Тургенева захватывала и восторгала внешняя художественная сторона «Войны и мира», самая же идея, которой это произведение служило воплощением, была ему настолько чужда, что он не переставал осуждать ее. Тому же Анненкову он, например, пишет:
Из Баден-Бадена. 1868 года 13 апреля.
«Доставили мне 4-й том Толстого… Много там прекрасного, но и уродства не оберешься. Беда, коли автодиктат, да еще во вкусе Толстого, возьмется философствовать: непременно оседлает какую-нибудь палочку, придумает какую-нибудь систему, которая, по-видимому, все разрешает очень просто, как, например, исторический фатализм, да и пошел писать. Там, где он касается земли, он, как Антей, снова получает свои силы: смерть старого князя, Алпатыч, бунт в деревне, – все это удивительно…»

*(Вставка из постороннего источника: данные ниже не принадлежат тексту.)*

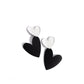 Romantic Occasion - Black - Paparazzi Earring Image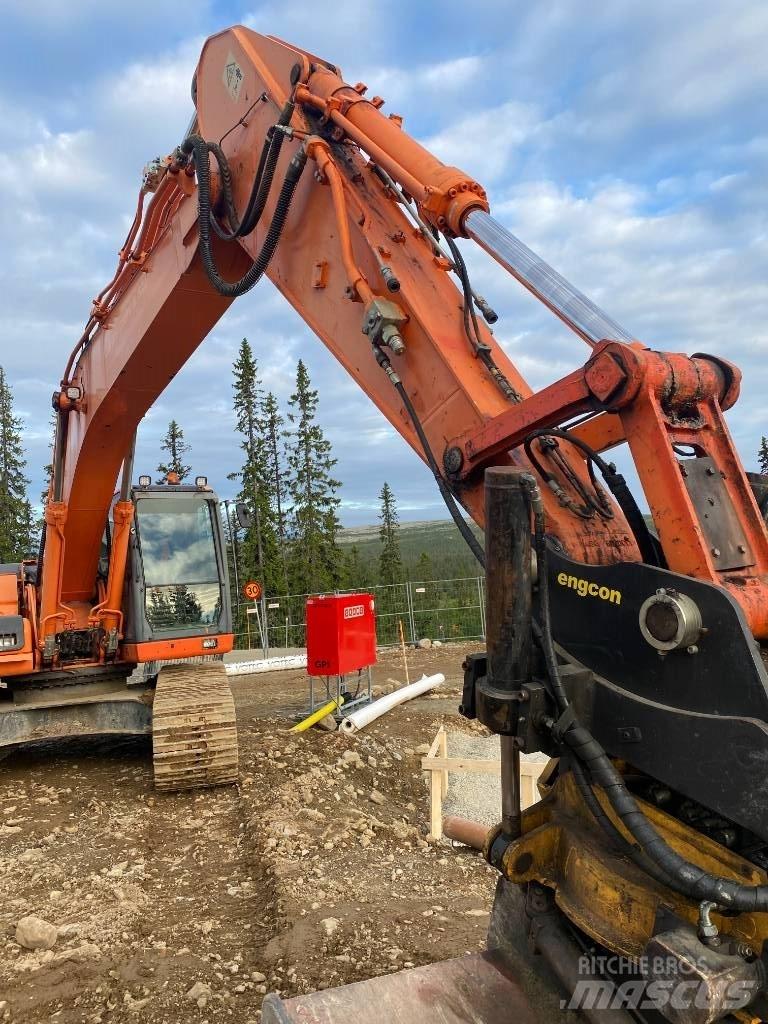 Doosan DX 255 Paletli ekskavatörler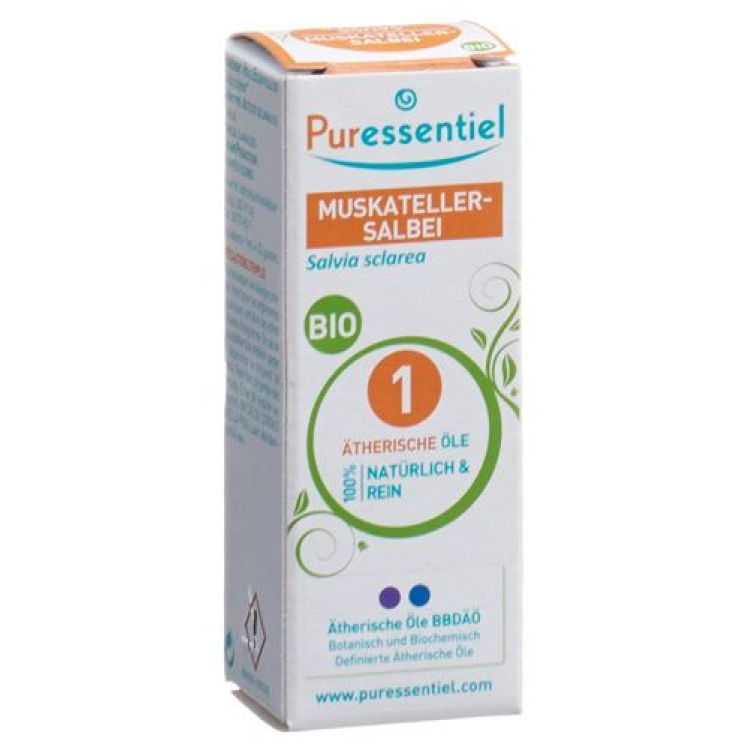 Puressentiel Clary Äth / масло био 5мл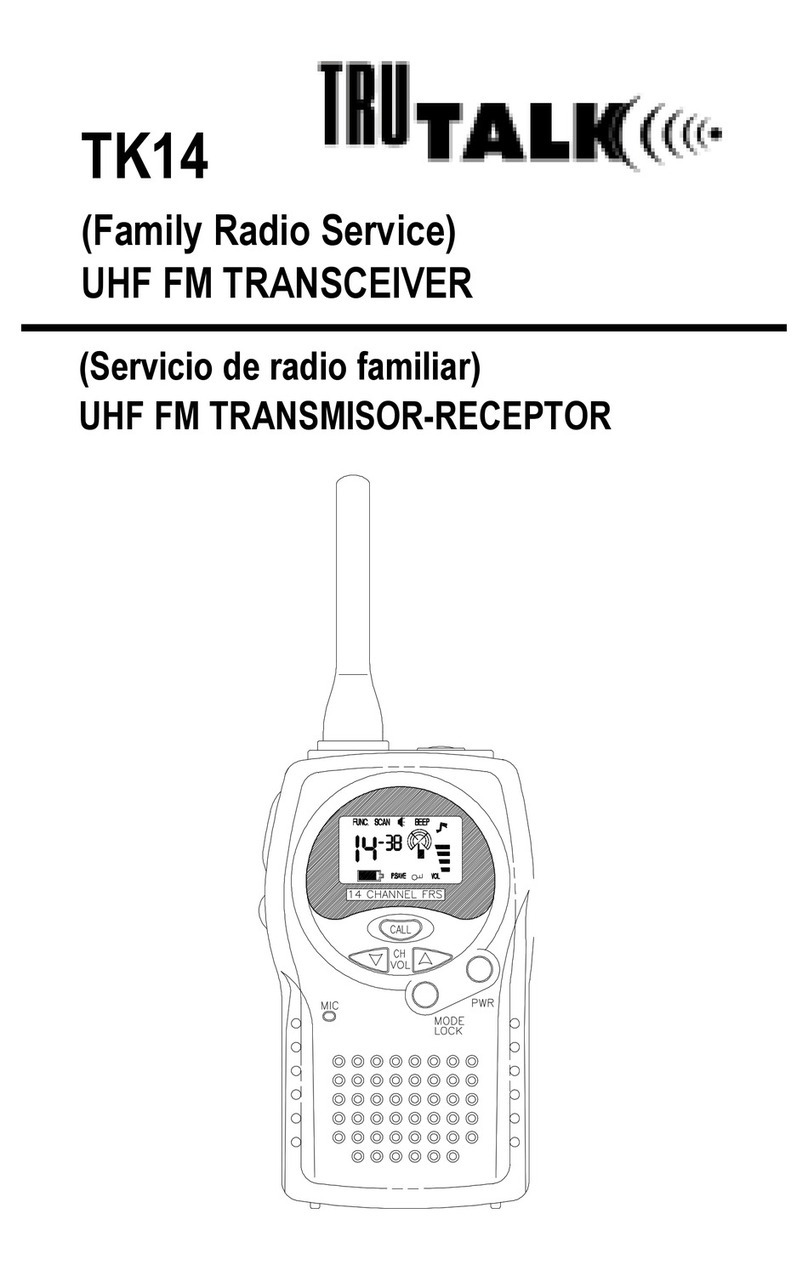 TruTalk TK14 owner's manual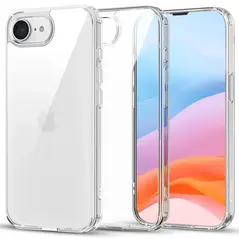 Etui Tech-Protect Flexair Hybrid Apple iPhone 16e Clear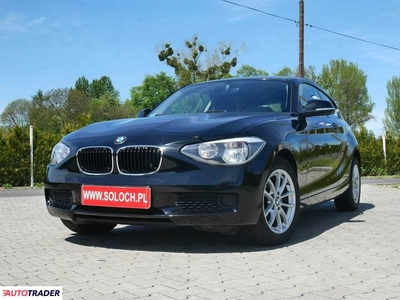 BMW 116 1.6 benzyna 136 KM 2013r. (Goczałkowice-Zdrój)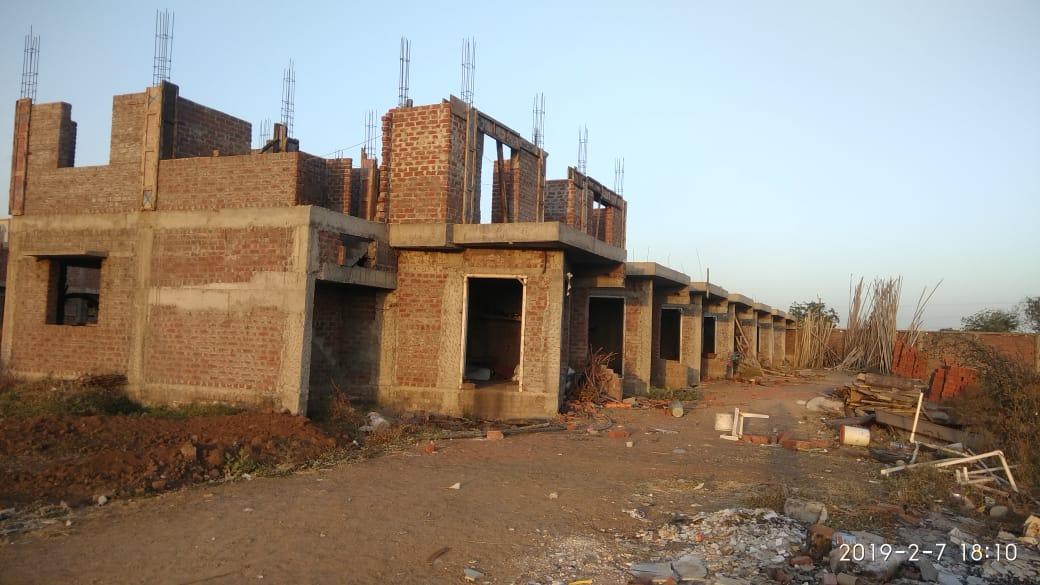 107811_const of real estate project Swapnavilla located at Kamrej, Surat, Gujarat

Наконец, по окончании 5-го тома, Боткин пишет Фету в июне 1869 года:
«Мы только на днях кончили «Войну и мир». Исключая страниц о масонстве, которые малоинтересны и как-то скучно изложены, этот роман во всех отношениях превосходен. Но неужели Толстой остановится на 5-й части? Мне кажется, это невозможно. Какая яркость и вместе глубина характеристики! Какой характер Наташи и как выдержан! Да, все в этом превосходном произведении возбуждает глубочайший интерес. Даже его военные соображения полны интереса, и мне в большей части случаев кажется, что он совершенно прав. И потом, какое это глубокое русское произведение!»